Actually, you know what, why are strapless gowns a thing? They flatter approximately six of the three billion women in the world, and when those six women wear them they can’t raise their arms, scratch, sneeze, or do anything for fear their breasts will go flying out of their containers. The rest of us look either monumentally flat-chested, or as though our breasts are about to riot.

That’s four emmy’s dresses where the bodice looks like an afterthought tacked on at 5 in the morning by a terrified intern drunk on wine coolers. That green thing? is gorgeous! If I had a skirt like that I would wear it every day, and swan around the city introducing myself as Queen Frostine of the Merpeople, here to bless their meaningless lives with my Magical, Sparkly Presence. So I’m actually a little angry at that stupid, stupid seashell top thing. This could be a spectacular gown, if somebody had bothered to say “you know what’s fucking stupid? Strapless gowns.” It looks unfinished. It looks half-done. It looks fucking sloppy.

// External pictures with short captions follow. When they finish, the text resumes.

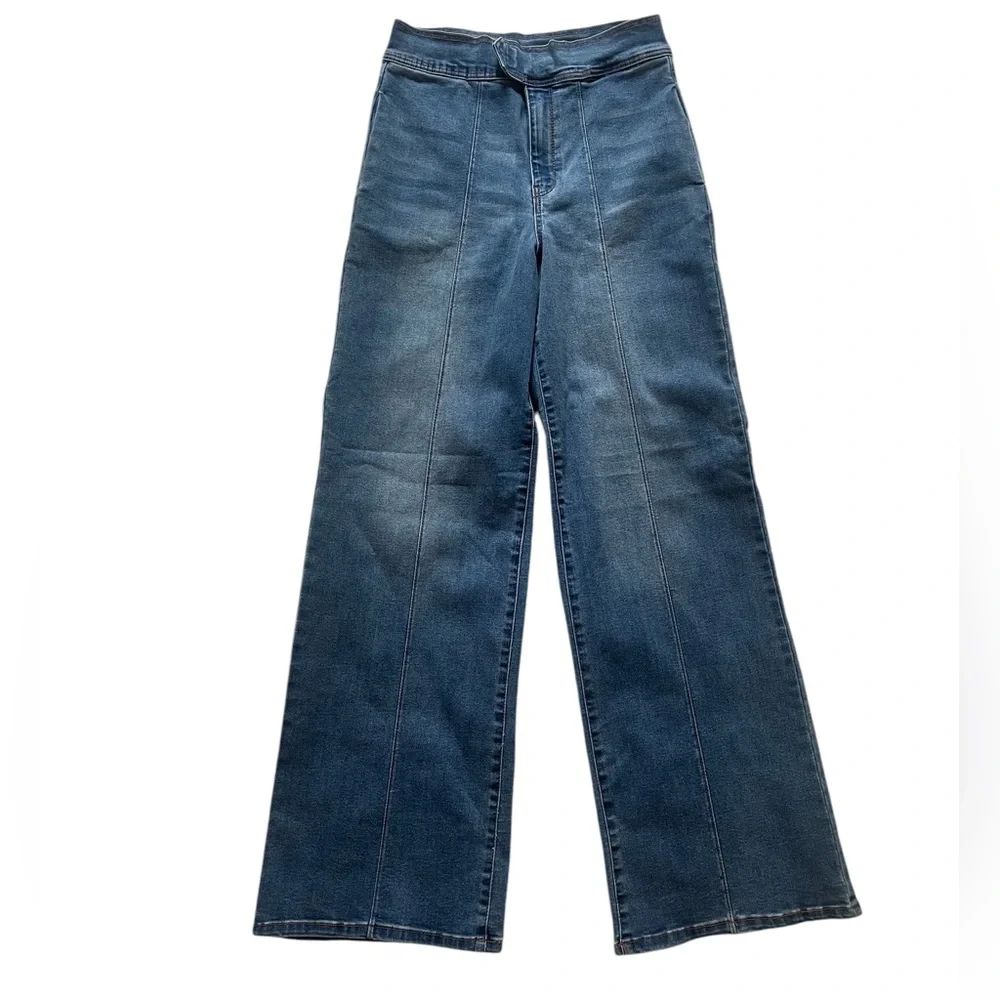 A Loves A high-waisted, wide-leg stretch denim blue jeans, size 29 - Picture 1 of 7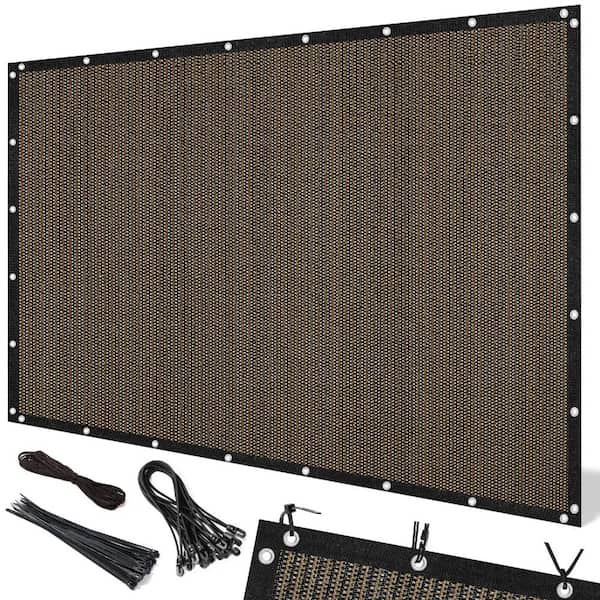 90% UV Blocking Sun Shade Cloth 10 x 12 ft with Grommets for Pergola Patio Garden Canopy Mesh Screen Tarp, Mocha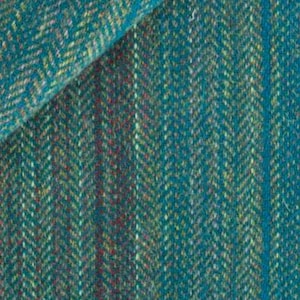 May include: Teal blue fabric with a herringbone pattern and thin stripes of green, yellow, and red.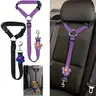Dog Car Harness Seatbelt 2-Pack - Adjustable 18-30 Inches Nylon Headrest Restraint Tether with Graphic, Zinc Alloy Swivel Snap, Chew Resistant, Machine Washable, Non-Customized Pet Safety Accessory for Vehicle Travel Dogs Puppies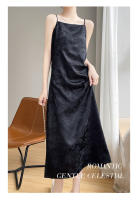 Vestido de satén jacquard para mujer Estilo nacional de verano, elegante y ligero - details 2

I think this is part of the larger trend of red carpet fashion for women to look done up, but not too done up. Like sure, I’m wearing a $17,000 gown encrusted with the crystallized tears of virgin water pixies, but I’m not wearing it on purpose. I just fell out of bed and into this custom-fitted gown. And these $6,400 shoes. And this $5,000 gold bangle that is my only piece of decoration because too much jewelry is vulgar or something, and of course the hundreds of dollars and countless hours of hair and makeup just so I can look as fresh-faced and “natural” as no one ever looks without hundreds of dollars of makeup.

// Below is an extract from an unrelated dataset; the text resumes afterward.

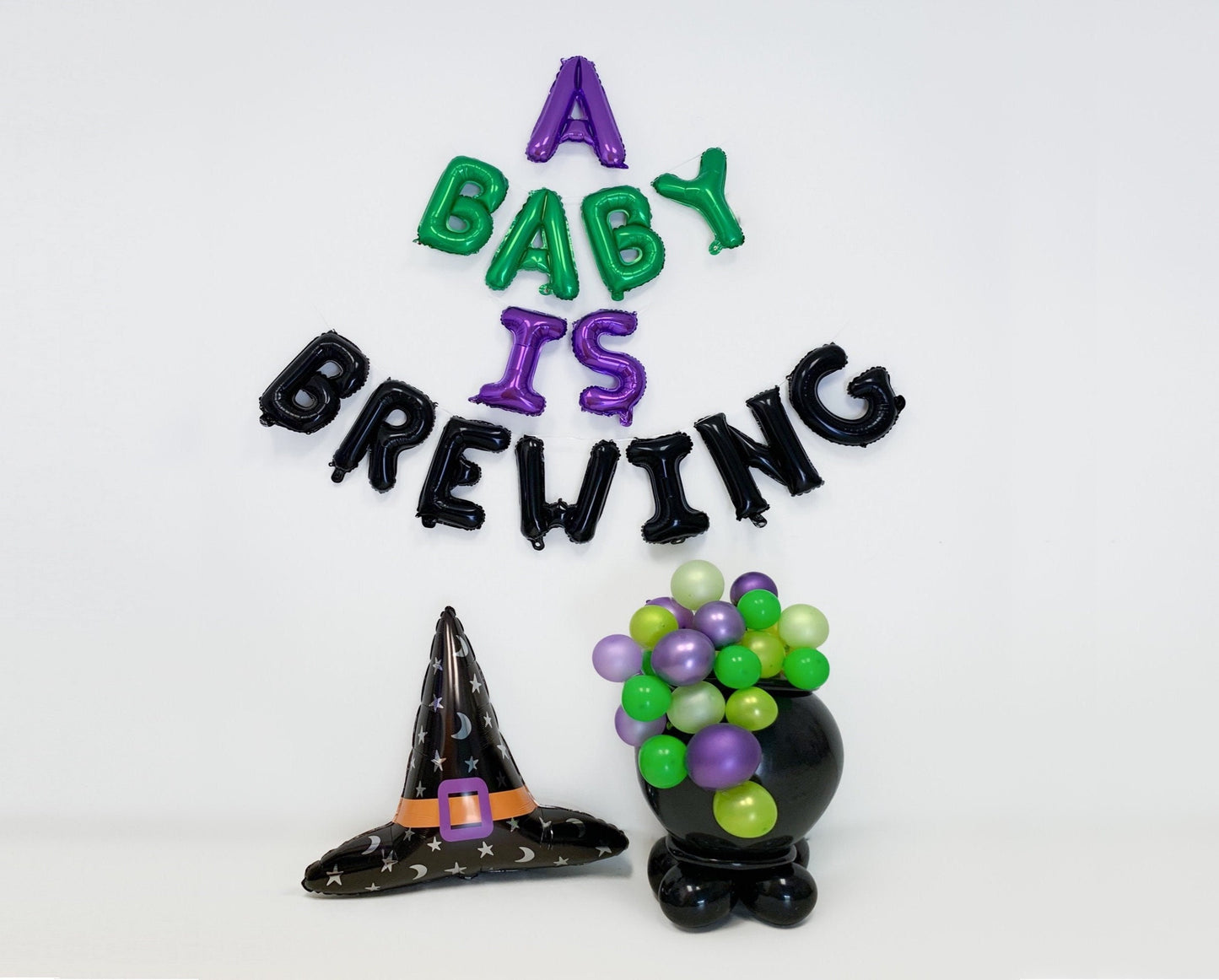 A Baby Is Brewing and Cauldron Kit Halloween Letter Balloon Kit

It’s such a strange reversal. When fabric and jewelry were mostly hand-made and therefore expensive, the wealthy decked themselves in as much finery as they could carry and the rest of us dressed much more simply. Now jewelry and accessories are mass-produced, and we can finally start wearing a bunch of them without breaking the bank, but we shouldn’t. Because one accessory is enough, apparently. Anything else is vulgar.

That dress that makes your breasts/legs/ass look great

20 Jun

Every time I work a faire, I discover some new Awesome Thing That I Can’t Live Without. My teensy apartment is full of wooden straws, leather pouches, and striped knee socks. It’s a problem.

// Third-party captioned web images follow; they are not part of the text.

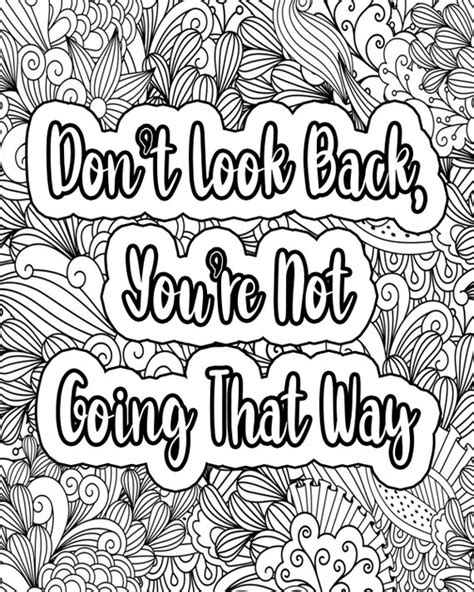 inspirational quotes coloring pages  adults zentangle etsy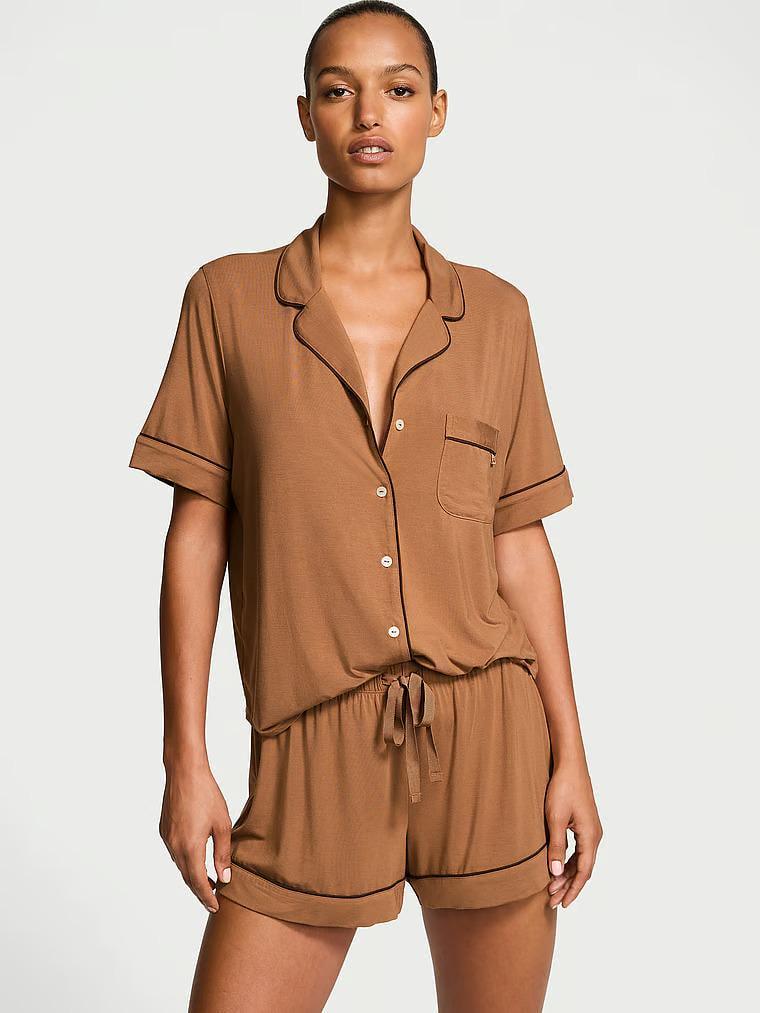 Піжама сорочка/шорти модал Victoria's Secret Modal Short PJ Set XS Коричневий (26887957)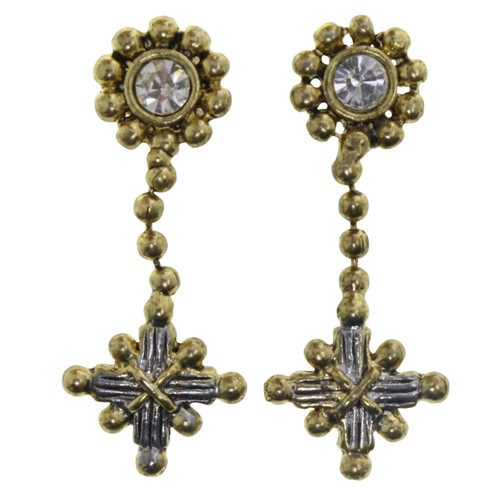 Small Cross Dangle Earring Gold-Tone - E873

The 2012 Scarborough Ren Fest saw me discovering My Favorite Dress. Their shop was right next to the pub sing, and I fell in love with one of the short dresses (in vivid purple and blue) so hard that I bought it without trying it on, which I hardly ever do, because I’ve got an enormous rib cage, broad shoulders, and long arms and legs. So I went home and put it on and have basically not taken it off since then, except eventually I wanted some variety, so I bought another. Same dress, different color (darker purple and black).

I have basically lived in these dresses since then. They’re gorgeous, comfy, unusual, and they make me look fantastic. They go everywhere. I can dress them up with leggings and a shrug and a hat, or wear them over jeans to be casual without being schlubby. They have a lot of flounce, and the cut is stupid flattering. And and and, miracle of miracles, they’re long enough for me to wear without anything under them! I have a 36″ inseam; finding dresses that are long enough to be decent has been a challenge since I was a tiny tot. But they’re still cute short dresses! WTF THAT NEVER HAPPENS.

So, I love these dresses. We’ve established that. I highly recommend them. And while wearing them (and, let’s face it, admiring myself in the mirror) I remembered how much I like kicky little dresses that can go with anything. I am, at this very second, wearing a dress that is actually a bathing suit coverup from Target, which I bought last year and typically pair with jeans and just look so damned cute in. I also have a couple of sarongs that I like to wear. I come to you, Gentle Readers, because I need more.

So recommend me your favorite dresses. They should be adorable, and purple, and forgiving in the approximate region of the midriff.